21.07.2021 11:55 |

KRONE.AT-KOLUMNE

Wo bleibt die Freiheit?

Die Hoffnung war ja groß, dass mit dem Impfturbo auch die Normalität wiederkommt. Danach sieht es derzeit aber nicht aus. Wie lange müssen wir auf die versprochene Wiedererlangung unserer Freiheit denn eigentlich noch warten? 

Die Rückkehr zu einem normalen Leben rückt wieder in weite Ferne: die Masken im Handel fallen nun doch nicht, in den Clubs werden die Maßnahmenzügel wieder angezogen und schon jetzt warnen Experten vor einem schwierigen Herbst. Wurde nicht versprochen, dass mit der 3-G-Regel und dem Impfturbo auch alle Freiheiten wieder kommen? Kein Wunder, dass das Unverständnis und die Resignation bei den Österreichern wächst.

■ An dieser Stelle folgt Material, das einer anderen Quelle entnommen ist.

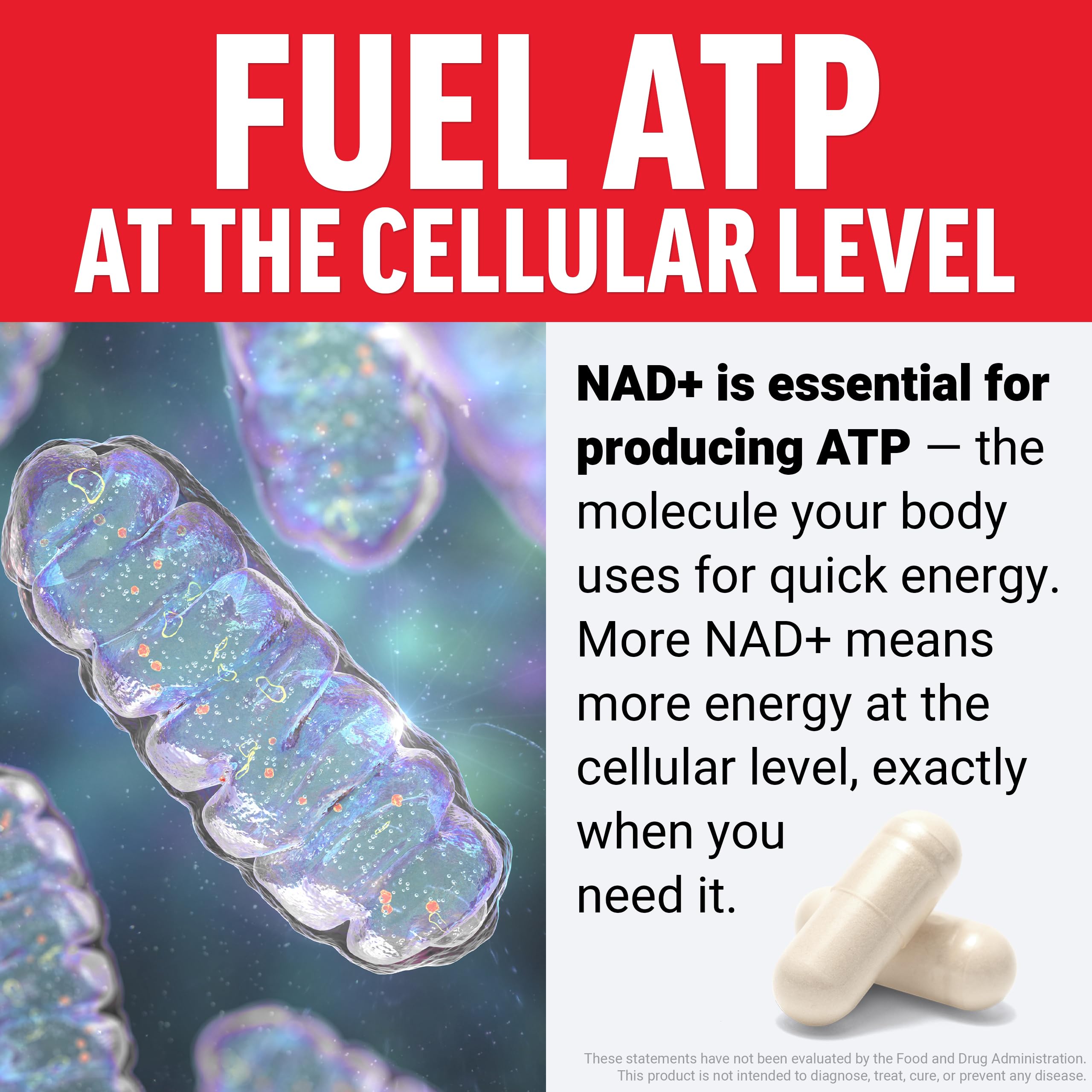 Force Factor NMN Supplement, Nicotinamide Mononucleotide to Support Healthy Aging and Energy Metabolism, Boosts NAD+ Levels, No Gelatin, Non-GMO, 30 Vegetable Capsules Force Factor uk supplements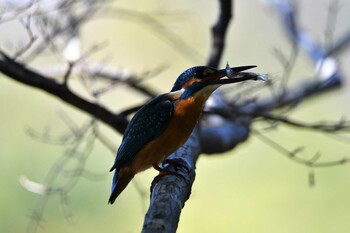 Common Kingfisher Machida Yakushiike Park Fri, 11/5/2021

Es riecht nach Lockdown-Comeback
Denn selbst jene, die sich brav impfen oder testen ließen, müssen nach wie vor Einschnitte und Mühseligkeiten im Alltag in Kauf nehmen. So geht zum Beispiel das Reisen in viele Länder auch trotz Grünem Pass noch immer nicht ganz problemlos - und das ausgerechnet zur sehnlichst erwarteten Urlaubszeit. Das passt nicht zu der Erzählung, dass die Pandemie bald vorbei ist. Es riecht eher nach einem erneuten, harten Herbst samt einem Lockdown-Comeback

Herbst 2020 darf sich nicht wiederholen
Gewiss hat keiner am Radar gehabt, dass eine neue, gefährlichere Mutationsvariante auf den Plan tritt, die unsere Bemühungen der letzten Monate in großen Teilen über den Haufen wirft. Da kann dieses Mal auch die Politik wirklich nichts dafür. Sie hat nun die unleidliche Aufgabe, einen sicheren Herbst vorzubereiten - denn ein Verschlafen wäre fatal. Kein Österreicher würde es verzeihen, wenn sich das letzte Jahr wiederholen würde. Aus dem Fehler, dass zu lange zugewartet wurde, haben unsere Politiker ja hoffentlich gelernt. Auch, wenn deren Fehlerkultur nicht immer die beste ist.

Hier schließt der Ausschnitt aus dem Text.